Records provided »
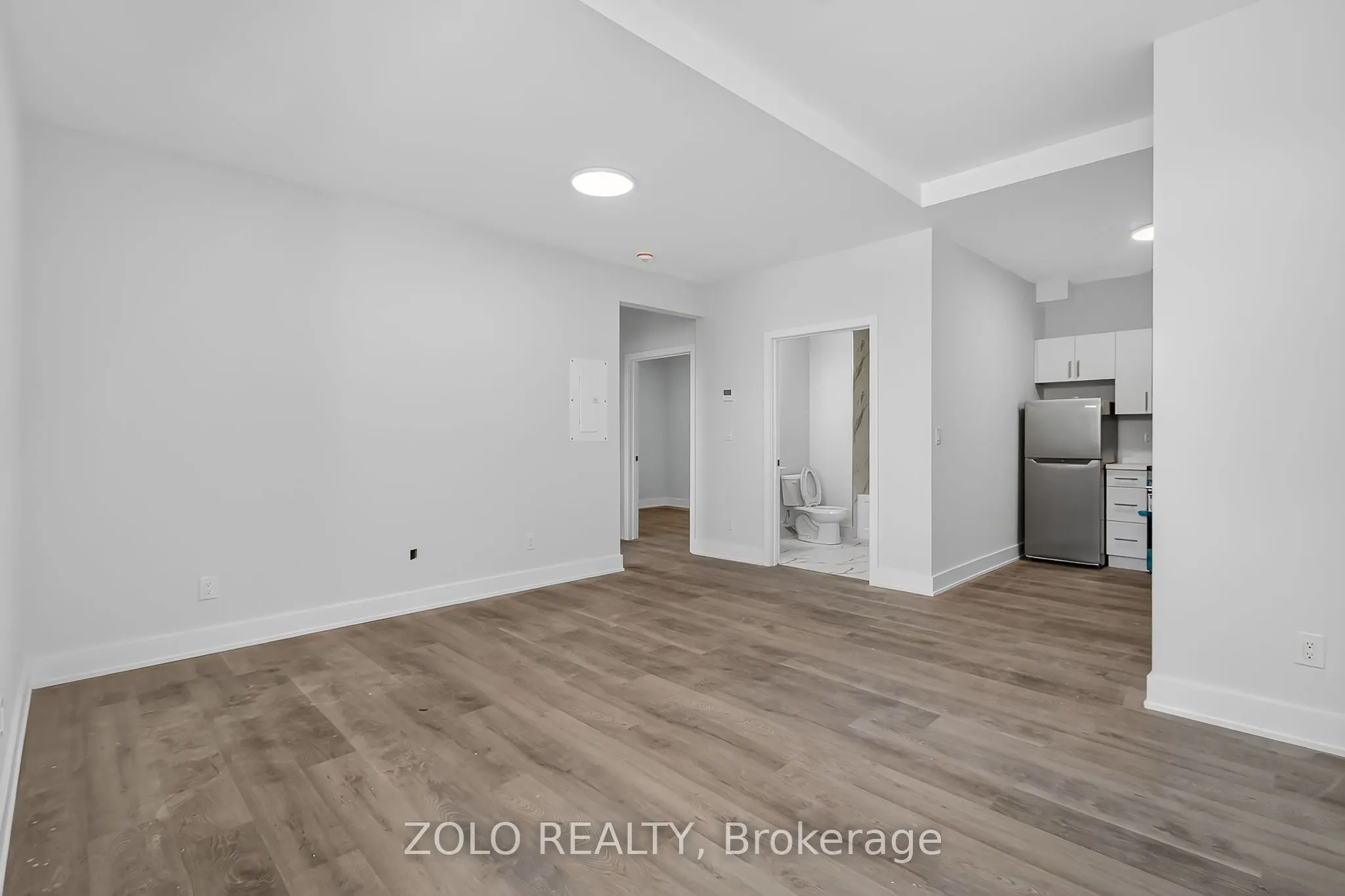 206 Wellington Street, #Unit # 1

--

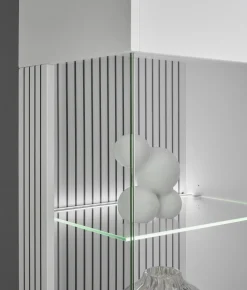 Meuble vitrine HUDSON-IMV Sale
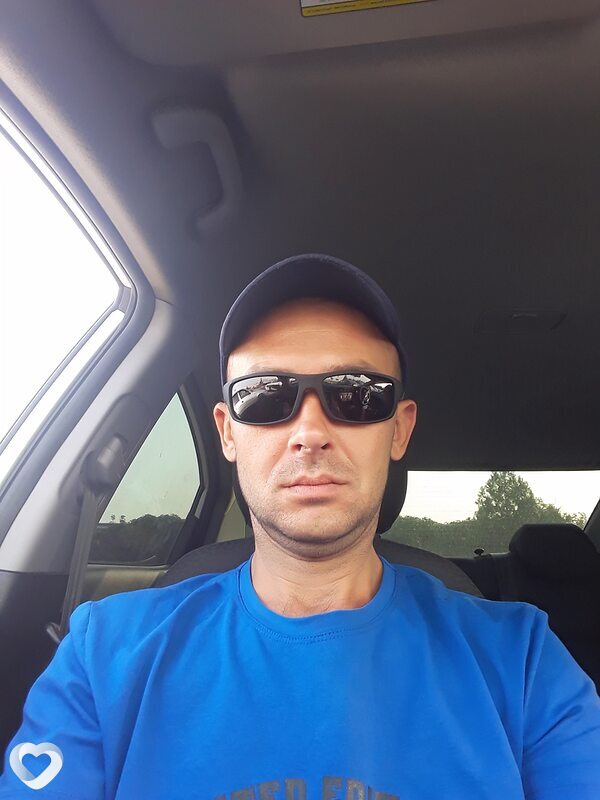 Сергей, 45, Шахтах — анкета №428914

...

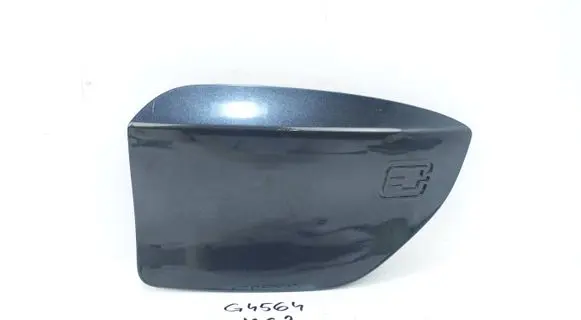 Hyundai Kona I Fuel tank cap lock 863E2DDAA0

What you will do » Print, word for word, the lines above that run from the line containing "Meuble vitrine HUDSON-IMV Sale" to the line containing "Сергей, 45, Шахтах — анкета №428914", both included. Keep the pictures out.

Output »
 Meuble vitrine HUDSON-IMV Sale
 Сергей, 45, Шахтах — анкета №428914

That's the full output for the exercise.